New BBC drama from Julian Fellowes gets off to a stuffy start, but improves as it brings the melodrama.

A confession. I’m still adjusting to the concept of Tamsin Greig in period costume in the new BBC drama, Belgravia.

After all she was such a modern gal in Episodes, including gettin’ it on with one Matt Le Blanc, that this new miniseries is literally worlds apart.

Belgravia is the latest offering from Julian Fellowes, he of Downton Abbey fame. It’s another sprawling period drama where costumes, sets and props are filled to the edges of the screen, this time beginning in Brussels, 1815.

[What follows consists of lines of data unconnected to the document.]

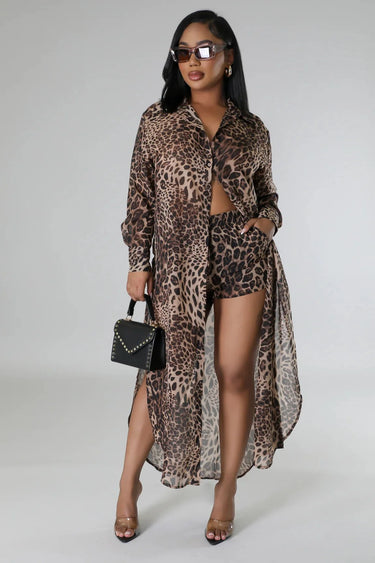Fantasy Vacay Short Set (leopard) alternate angle showing set details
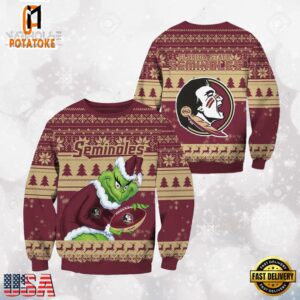 Florida State Seminoles Grinch Custom Name NCAA Ugly Christmas Sweater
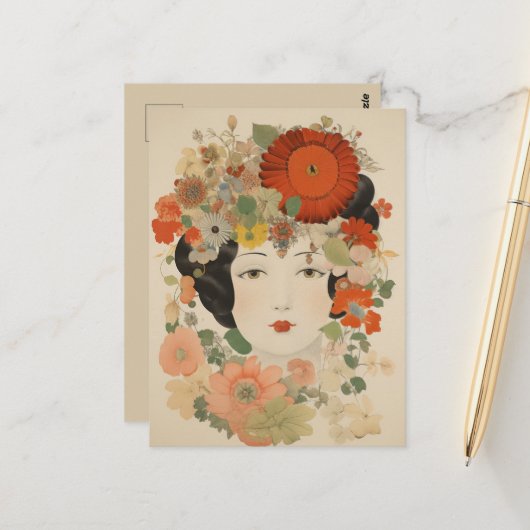 Florale Eleganz Postkarte (Vorderseite/Rückseite Beispiel)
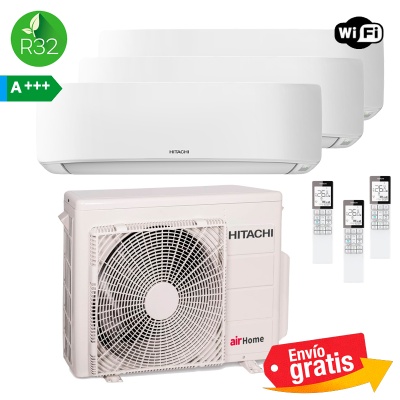 Aire acondicionado 3x1 Hitachi AirHome RAM55N3HAE + 3 unidades interiores RAK-DJ25RHAE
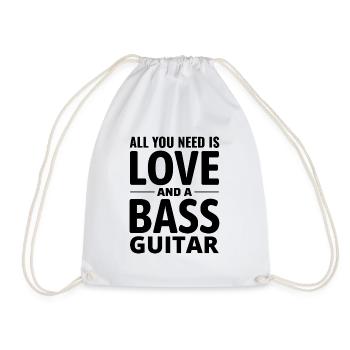 Bass Guitar Player Music Musician Bassist Funny - Drawstring Bag - white - Front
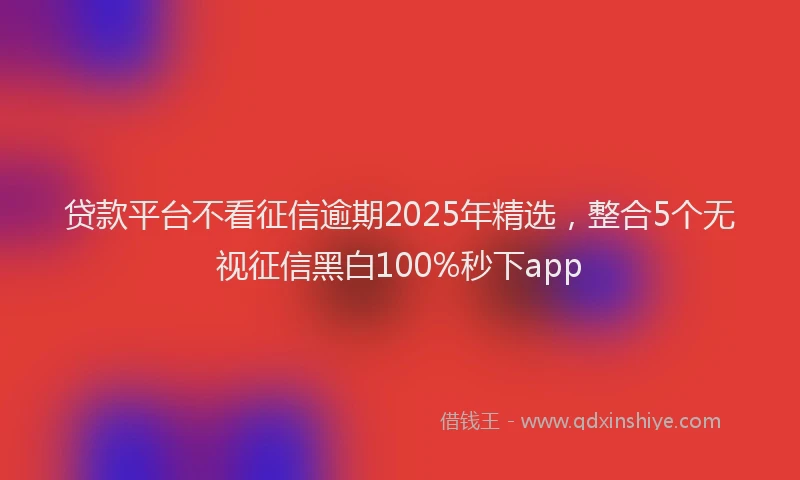 贷款平台不看征信逾期2025年精选，整合5个无视征信黑白100%秒下app
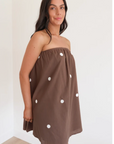 BY FRANKIE Strapless Mini Polka Dot Dress - Choc
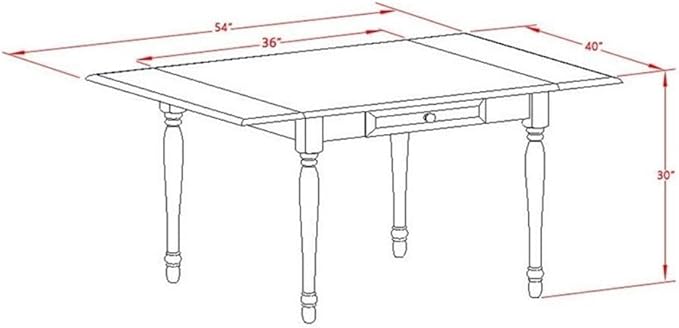 East West Furniture MZNO3-MAH-W 3 Piece Dining Set Contains a Rectangle Dining - Image 5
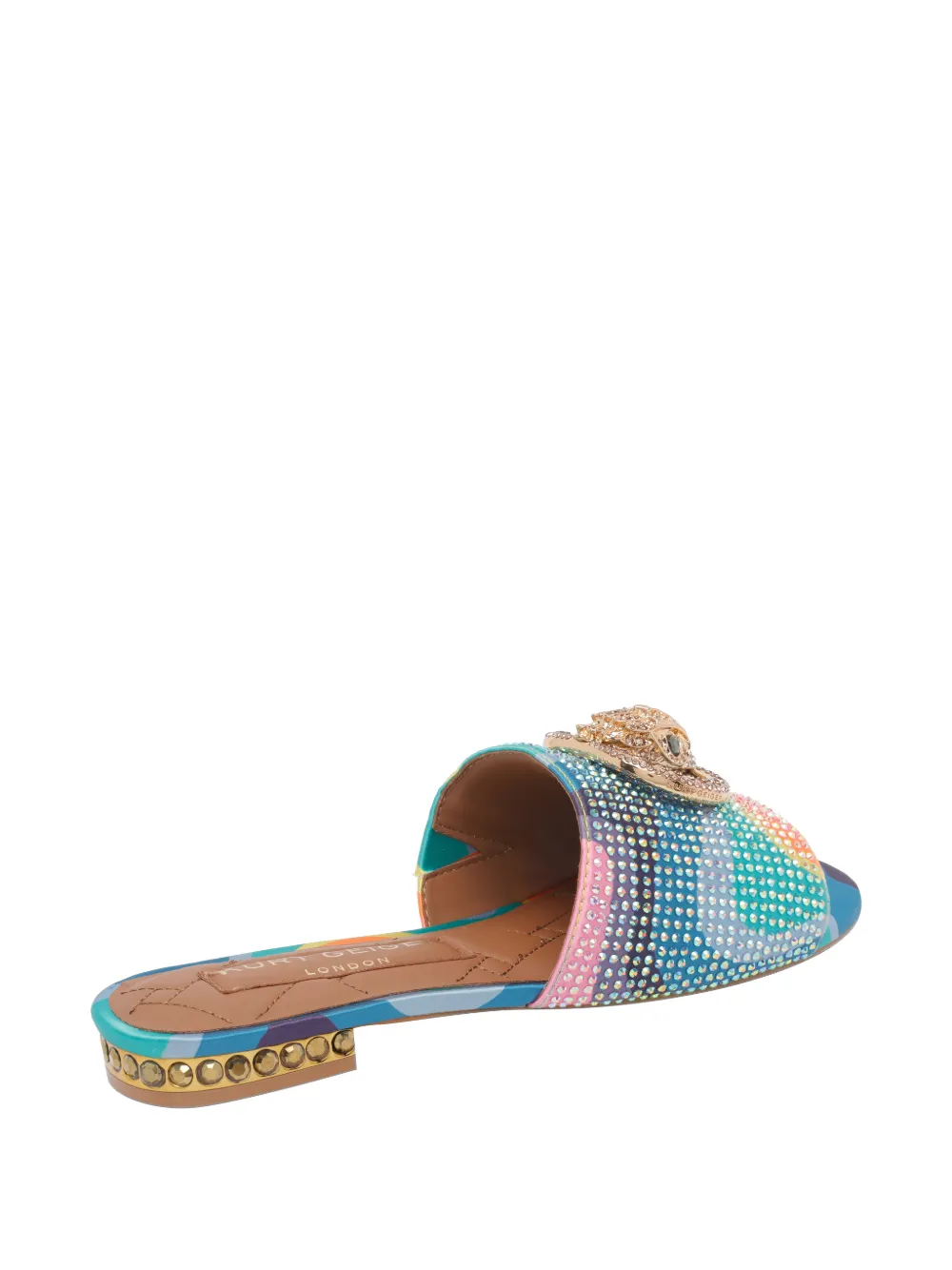 Kurt Geiger London Chelsea sandalen verfraaid met kristallen en logo Blauw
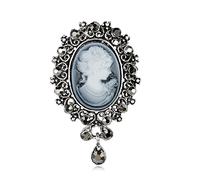 Broche vintage de reina para mujer, regalo de cumpleaños para damas, caméo, broches para mujer, broches de solapa para vestido, colgante de diamantes de imitación, joyería para boda, aniversario, San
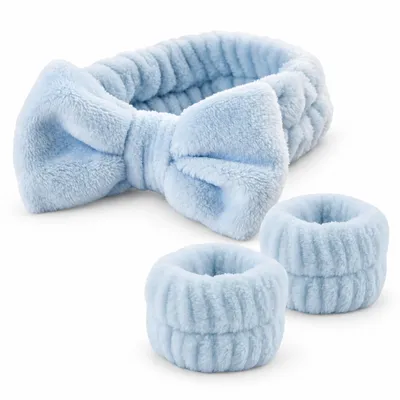 Produktbild von Kosmetik Haarband mit Schleife & 2 Handgelenkbänder – Plüsch Stirnband zum Schminken, Abschminken & Gesicht Waschen, Spa Set – Blau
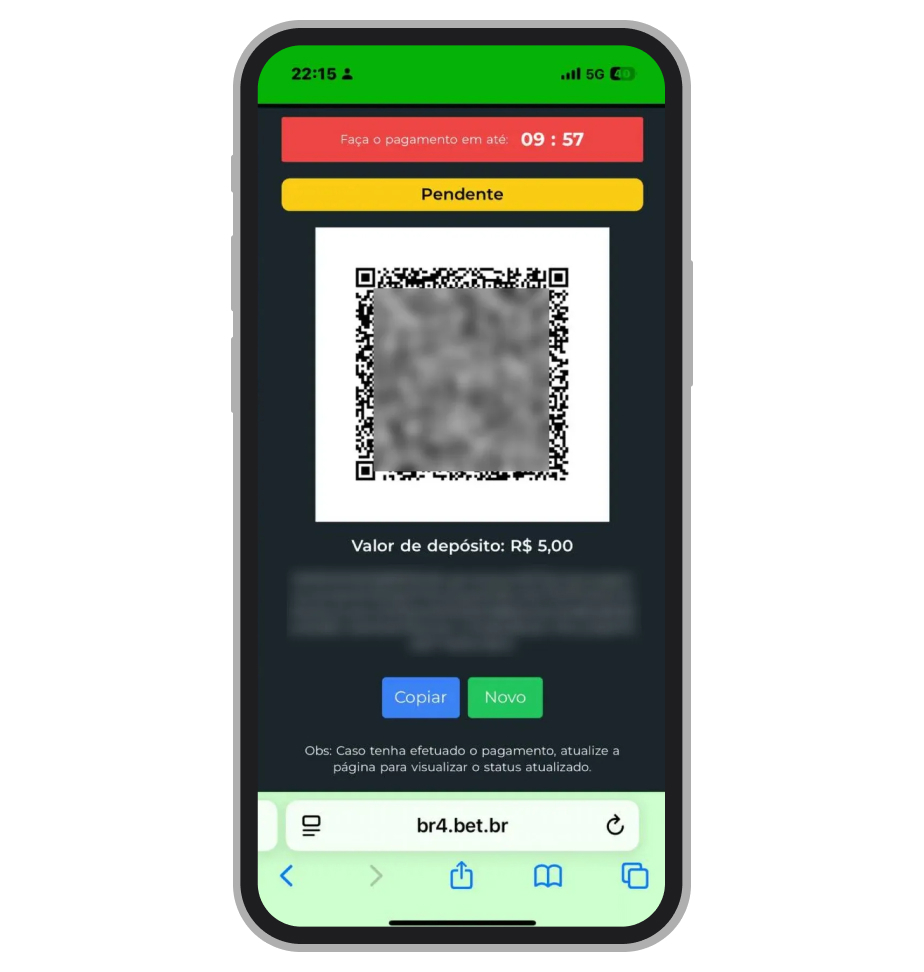 Você pode copiar o código ou prosseguir com o pagamento via QR Code.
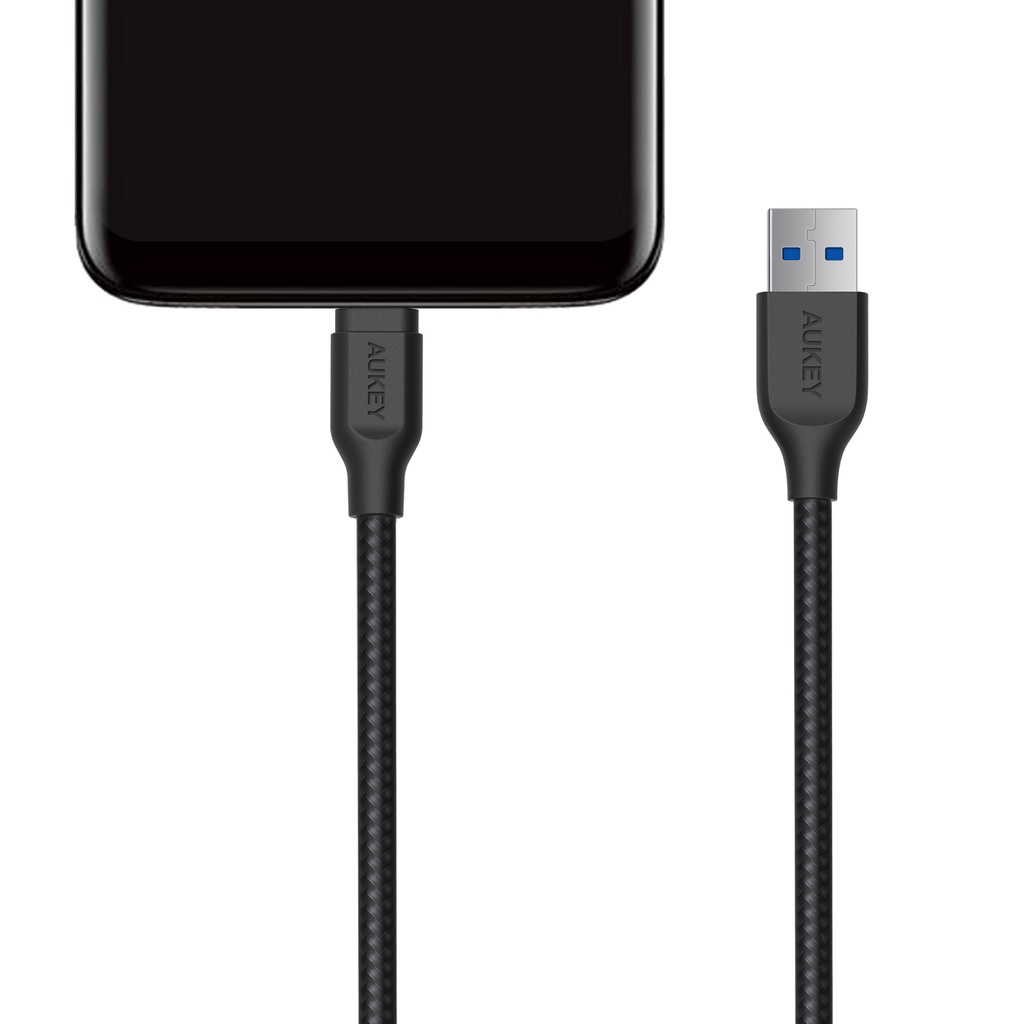 Cáp sạc nhanh AUKEY CB-AC1 3A QC3.0 Dây sạc type C 1.2m cho Samsung Xiaomi MacBook Nintendo Switch Android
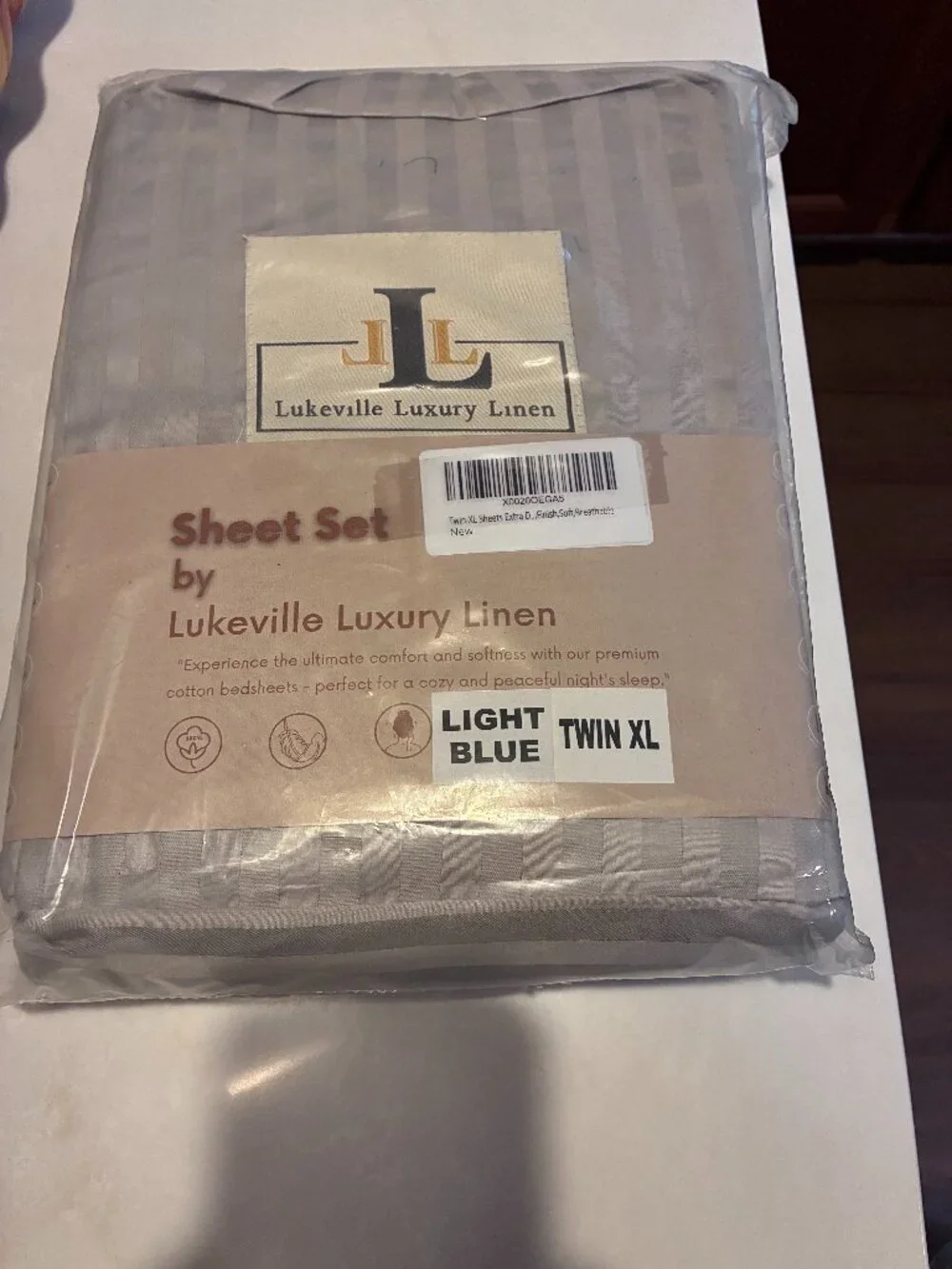 Lukeville Luxury Linen Twin XL Size Bed Sheets 100% Cotton 4PC Sheet. See Photos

Tamsin Greig plays Anne, wife of successful merchant James Trenchard (Philip Glenister) and the action gets underway at a ball hosted by the Duchess of Richmond (Diana Kent), just before Napoleon fought The Battle of Waterloo. James is known as ‘The Magician’ for his ability to sell supplies to the army, even if the classes deem him beneath their rank.

While Anne’s obstinate daughter Sophia (Emily Reid) is in love with Lord Edmund (Jeremy Neumark Jones) son of the Earl and Countess of Brockenhurst (Tom Wilkinson, Harriet Walter), both are separated on the eve of the Battle of Quatre Bras. Given this takes place rather early in the piece, it’s not really a spoiler to say things don’t end well when Lord Edmund heads off to war….

But Fellowes fast-forwards the action to 26 years later, to Belgravia, London’s grandest neighbourhood, also described as “a spangled city for (the) rich.” Here Anne and James are now resident, rubbing shoulders with the Duchess of Richmond and the Brockenhursts. Yet there are secrets from the past, which are definitely spoiler-territory.

It also wouldn’t be a Fellowes script with the class differences -yes there are servants passing judgment on their employers, if not necessarily upstairs and downstairs.

But unlike Downton Abbey, this gets off to a stuffy start where the costumes and interiors are at risk of upstaging the characters. There’s a fair whack of the aristocracy keeping up appearances and talking over tea, without spilling enough of it.

Tamsin Greig’s sparkle is the saving grace here, giving the viewer someone to connect with. It bore little of the Dallas-like melodrama that punctuated Downton so remarkably -at least until the third act of the opening episode.

Thankfully things finished on a good, if scandalous, note more fitting of Fellowes’ style. But there is also a sense of TV history trying to repeat itself. This could be one for the fans.

Belgravia airs 8:30pm Sunday on BBC First.

2 Responses

  1. I saw a preview of this recently, may have been on Graham Norton or something. Either way, I too struggled to believe Tamsin Greig in period costume, I just see Fran from Black Books.